Counting task for the data below: how many lines hold the word "mask"? Answer with the number only.
(Material supplied)
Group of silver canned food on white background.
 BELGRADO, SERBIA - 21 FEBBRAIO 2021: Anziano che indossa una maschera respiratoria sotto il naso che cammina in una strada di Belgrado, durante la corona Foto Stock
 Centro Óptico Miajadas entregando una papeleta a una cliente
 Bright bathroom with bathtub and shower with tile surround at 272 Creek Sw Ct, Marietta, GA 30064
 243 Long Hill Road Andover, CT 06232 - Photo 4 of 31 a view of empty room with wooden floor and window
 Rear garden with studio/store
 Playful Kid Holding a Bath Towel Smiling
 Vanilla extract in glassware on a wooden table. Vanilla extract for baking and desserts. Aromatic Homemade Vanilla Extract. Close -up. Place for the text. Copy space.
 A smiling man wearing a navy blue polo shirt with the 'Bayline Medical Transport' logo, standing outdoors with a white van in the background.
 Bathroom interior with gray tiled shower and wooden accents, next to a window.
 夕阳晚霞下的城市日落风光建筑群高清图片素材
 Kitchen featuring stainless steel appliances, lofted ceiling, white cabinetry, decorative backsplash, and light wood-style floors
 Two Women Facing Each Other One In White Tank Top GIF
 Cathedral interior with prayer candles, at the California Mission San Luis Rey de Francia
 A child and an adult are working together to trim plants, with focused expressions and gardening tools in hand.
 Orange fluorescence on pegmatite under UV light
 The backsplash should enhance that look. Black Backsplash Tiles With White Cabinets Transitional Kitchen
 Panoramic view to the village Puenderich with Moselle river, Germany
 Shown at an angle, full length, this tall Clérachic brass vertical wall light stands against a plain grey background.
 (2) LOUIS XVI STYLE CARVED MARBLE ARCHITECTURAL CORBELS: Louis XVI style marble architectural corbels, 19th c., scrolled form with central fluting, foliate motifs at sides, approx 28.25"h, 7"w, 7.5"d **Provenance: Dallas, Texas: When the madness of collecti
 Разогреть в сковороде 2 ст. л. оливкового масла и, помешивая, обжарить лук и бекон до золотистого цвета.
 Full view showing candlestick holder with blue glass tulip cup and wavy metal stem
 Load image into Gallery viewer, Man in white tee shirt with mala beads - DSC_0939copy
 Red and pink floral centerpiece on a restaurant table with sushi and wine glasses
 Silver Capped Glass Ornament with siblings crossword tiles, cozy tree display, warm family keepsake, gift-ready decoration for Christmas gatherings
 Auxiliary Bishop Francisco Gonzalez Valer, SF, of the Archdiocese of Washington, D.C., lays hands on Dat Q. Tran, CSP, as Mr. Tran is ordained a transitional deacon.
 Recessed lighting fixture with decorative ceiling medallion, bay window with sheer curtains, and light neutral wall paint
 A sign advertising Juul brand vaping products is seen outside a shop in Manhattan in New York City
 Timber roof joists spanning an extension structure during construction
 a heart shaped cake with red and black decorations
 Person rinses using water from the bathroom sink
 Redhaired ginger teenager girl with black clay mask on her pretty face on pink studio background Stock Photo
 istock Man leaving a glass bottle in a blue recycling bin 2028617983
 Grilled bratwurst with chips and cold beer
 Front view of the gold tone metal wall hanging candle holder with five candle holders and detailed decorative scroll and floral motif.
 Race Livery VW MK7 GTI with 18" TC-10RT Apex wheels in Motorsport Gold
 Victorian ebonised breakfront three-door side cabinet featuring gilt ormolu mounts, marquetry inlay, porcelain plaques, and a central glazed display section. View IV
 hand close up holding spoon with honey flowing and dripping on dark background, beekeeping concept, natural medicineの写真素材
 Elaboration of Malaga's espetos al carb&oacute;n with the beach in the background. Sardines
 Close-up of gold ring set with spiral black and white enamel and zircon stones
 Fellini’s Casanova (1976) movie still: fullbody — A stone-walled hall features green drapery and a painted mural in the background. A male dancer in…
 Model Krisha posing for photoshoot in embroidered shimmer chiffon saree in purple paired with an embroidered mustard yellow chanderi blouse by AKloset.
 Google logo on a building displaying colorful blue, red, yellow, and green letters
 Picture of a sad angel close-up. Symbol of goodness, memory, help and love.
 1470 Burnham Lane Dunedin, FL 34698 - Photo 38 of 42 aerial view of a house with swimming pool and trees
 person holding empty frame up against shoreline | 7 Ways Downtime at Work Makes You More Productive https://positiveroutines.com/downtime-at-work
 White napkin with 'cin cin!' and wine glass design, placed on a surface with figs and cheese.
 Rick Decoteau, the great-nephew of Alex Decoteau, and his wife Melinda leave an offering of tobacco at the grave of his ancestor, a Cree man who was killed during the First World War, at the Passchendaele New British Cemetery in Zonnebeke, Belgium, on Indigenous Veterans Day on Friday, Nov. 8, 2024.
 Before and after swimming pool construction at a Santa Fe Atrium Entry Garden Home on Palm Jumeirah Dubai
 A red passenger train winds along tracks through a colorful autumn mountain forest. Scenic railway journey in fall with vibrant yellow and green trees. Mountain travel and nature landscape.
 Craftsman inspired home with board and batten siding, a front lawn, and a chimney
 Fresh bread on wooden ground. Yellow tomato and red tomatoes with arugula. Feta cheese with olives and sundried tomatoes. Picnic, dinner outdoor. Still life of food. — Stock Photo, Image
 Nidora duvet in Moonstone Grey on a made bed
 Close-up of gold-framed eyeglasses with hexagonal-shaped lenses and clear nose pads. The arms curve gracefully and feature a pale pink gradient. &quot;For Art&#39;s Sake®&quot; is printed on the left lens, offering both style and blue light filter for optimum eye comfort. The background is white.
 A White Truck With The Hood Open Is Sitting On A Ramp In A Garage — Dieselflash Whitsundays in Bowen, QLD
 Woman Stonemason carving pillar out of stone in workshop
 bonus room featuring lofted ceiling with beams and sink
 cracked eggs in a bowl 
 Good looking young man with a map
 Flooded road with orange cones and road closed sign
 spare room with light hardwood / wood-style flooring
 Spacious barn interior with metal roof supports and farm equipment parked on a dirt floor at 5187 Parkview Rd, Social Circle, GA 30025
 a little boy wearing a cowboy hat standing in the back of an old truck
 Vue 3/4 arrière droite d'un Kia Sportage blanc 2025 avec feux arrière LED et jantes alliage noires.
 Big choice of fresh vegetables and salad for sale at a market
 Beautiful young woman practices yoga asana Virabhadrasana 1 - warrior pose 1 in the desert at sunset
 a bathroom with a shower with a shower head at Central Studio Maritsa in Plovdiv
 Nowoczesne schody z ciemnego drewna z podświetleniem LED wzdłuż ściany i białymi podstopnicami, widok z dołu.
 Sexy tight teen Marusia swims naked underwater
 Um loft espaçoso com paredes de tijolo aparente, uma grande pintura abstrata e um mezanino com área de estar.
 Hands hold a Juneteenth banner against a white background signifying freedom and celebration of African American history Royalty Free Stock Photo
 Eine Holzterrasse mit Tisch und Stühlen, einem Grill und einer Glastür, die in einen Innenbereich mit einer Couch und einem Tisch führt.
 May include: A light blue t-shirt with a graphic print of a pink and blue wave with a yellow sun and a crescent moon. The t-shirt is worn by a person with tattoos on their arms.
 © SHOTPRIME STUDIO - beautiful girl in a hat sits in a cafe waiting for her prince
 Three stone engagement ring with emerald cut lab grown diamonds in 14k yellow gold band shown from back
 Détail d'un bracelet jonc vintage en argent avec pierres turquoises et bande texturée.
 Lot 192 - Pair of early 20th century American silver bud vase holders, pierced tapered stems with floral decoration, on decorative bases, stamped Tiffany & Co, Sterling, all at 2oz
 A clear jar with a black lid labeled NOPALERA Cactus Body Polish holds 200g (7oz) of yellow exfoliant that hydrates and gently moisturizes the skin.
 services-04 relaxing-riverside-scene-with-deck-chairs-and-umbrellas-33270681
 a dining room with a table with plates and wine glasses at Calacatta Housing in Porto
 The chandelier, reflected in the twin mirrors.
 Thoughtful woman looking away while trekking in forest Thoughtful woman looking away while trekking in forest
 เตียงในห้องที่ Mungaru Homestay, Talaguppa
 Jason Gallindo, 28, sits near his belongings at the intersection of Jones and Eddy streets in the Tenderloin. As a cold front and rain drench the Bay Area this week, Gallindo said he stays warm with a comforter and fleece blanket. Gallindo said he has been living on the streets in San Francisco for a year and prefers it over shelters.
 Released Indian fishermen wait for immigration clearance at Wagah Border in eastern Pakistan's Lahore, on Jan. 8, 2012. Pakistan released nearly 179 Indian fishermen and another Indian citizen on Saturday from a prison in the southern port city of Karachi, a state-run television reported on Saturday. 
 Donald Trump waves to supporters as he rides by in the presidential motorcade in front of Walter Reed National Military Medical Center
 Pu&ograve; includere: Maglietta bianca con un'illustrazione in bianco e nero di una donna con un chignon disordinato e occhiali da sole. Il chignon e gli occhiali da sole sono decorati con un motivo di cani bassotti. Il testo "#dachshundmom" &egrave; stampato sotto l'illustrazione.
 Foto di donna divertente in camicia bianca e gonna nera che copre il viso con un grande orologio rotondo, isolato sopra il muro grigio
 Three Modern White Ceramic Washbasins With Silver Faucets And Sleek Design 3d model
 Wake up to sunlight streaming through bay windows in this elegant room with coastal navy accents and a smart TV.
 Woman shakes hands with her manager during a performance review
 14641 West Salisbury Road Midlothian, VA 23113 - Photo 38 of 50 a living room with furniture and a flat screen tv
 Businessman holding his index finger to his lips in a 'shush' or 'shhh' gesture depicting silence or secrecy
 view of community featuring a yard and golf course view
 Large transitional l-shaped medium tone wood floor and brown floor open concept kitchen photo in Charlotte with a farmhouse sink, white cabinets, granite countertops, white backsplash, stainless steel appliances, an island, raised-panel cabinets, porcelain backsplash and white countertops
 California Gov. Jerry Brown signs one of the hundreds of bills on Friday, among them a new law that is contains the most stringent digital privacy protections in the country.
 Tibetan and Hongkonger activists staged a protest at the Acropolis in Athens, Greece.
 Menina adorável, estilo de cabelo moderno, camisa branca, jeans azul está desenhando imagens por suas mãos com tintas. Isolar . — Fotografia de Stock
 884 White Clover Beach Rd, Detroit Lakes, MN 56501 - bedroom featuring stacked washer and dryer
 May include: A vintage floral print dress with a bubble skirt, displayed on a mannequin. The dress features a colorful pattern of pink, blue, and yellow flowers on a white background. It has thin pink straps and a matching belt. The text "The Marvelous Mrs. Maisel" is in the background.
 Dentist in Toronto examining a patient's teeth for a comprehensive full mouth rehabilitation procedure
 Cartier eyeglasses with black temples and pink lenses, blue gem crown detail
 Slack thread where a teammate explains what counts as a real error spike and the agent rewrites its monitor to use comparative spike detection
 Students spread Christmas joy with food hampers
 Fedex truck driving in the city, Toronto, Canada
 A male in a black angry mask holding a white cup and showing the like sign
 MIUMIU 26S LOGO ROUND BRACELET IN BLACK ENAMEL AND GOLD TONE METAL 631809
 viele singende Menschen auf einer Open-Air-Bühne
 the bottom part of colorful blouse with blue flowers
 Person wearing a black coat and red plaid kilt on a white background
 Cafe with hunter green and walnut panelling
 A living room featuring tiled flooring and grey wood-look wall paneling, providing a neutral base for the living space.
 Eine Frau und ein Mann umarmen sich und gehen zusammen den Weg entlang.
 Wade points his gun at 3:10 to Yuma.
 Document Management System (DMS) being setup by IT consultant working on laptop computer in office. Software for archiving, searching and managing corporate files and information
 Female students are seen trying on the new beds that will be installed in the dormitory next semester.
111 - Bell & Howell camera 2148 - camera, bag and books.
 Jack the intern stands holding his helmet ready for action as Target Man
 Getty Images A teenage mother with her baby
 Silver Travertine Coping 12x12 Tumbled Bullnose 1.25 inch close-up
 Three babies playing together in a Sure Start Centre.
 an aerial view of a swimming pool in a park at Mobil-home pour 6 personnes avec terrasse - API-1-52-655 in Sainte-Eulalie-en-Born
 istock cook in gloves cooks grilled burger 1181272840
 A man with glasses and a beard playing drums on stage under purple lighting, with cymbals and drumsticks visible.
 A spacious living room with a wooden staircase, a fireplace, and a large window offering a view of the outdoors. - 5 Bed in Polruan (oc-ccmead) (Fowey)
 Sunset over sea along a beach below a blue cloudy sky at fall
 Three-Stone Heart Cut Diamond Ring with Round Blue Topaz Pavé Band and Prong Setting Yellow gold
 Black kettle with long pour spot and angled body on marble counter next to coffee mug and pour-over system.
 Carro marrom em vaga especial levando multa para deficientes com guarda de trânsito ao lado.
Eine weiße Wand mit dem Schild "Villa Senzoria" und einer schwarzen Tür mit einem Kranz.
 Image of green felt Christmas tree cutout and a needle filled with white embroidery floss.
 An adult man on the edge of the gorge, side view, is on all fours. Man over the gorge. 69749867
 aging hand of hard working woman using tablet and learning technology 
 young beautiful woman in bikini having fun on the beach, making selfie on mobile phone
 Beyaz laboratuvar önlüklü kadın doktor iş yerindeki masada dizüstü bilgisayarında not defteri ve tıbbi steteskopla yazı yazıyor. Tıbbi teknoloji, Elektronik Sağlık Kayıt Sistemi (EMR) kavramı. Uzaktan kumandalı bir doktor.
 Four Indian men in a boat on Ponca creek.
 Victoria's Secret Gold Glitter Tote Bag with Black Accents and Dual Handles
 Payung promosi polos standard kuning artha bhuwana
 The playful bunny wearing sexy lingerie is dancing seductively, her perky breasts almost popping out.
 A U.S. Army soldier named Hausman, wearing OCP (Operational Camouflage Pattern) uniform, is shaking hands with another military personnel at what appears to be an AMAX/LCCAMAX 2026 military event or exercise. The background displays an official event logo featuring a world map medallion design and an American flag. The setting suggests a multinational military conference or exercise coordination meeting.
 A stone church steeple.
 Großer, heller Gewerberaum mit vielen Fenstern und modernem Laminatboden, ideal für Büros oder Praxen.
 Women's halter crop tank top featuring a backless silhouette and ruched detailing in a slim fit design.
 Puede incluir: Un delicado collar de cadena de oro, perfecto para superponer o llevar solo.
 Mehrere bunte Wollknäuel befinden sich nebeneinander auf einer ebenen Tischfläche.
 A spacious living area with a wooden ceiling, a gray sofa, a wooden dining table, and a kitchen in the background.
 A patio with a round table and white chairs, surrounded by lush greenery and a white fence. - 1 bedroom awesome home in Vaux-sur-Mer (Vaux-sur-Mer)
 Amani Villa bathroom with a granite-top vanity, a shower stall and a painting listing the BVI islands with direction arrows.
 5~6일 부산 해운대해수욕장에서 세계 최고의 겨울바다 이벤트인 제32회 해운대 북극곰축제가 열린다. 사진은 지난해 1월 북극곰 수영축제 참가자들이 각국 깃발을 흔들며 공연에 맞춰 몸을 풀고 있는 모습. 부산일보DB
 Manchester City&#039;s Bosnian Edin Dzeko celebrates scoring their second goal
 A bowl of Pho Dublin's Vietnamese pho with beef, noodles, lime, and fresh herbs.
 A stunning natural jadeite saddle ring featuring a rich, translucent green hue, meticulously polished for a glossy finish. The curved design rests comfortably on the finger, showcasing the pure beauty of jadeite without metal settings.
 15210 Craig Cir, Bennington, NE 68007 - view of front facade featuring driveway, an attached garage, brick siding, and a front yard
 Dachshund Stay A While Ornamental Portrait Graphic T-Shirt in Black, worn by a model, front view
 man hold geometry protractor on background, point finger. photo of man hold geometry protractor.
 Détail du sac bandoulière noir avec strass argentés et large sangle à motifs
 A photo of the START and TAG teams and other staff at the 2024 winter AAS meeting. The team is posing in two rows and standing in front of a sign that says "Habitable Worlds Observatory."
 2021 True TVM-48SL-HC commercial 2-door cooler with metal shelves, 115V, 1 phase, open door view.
(End Material supplied)
**Completed task:**
2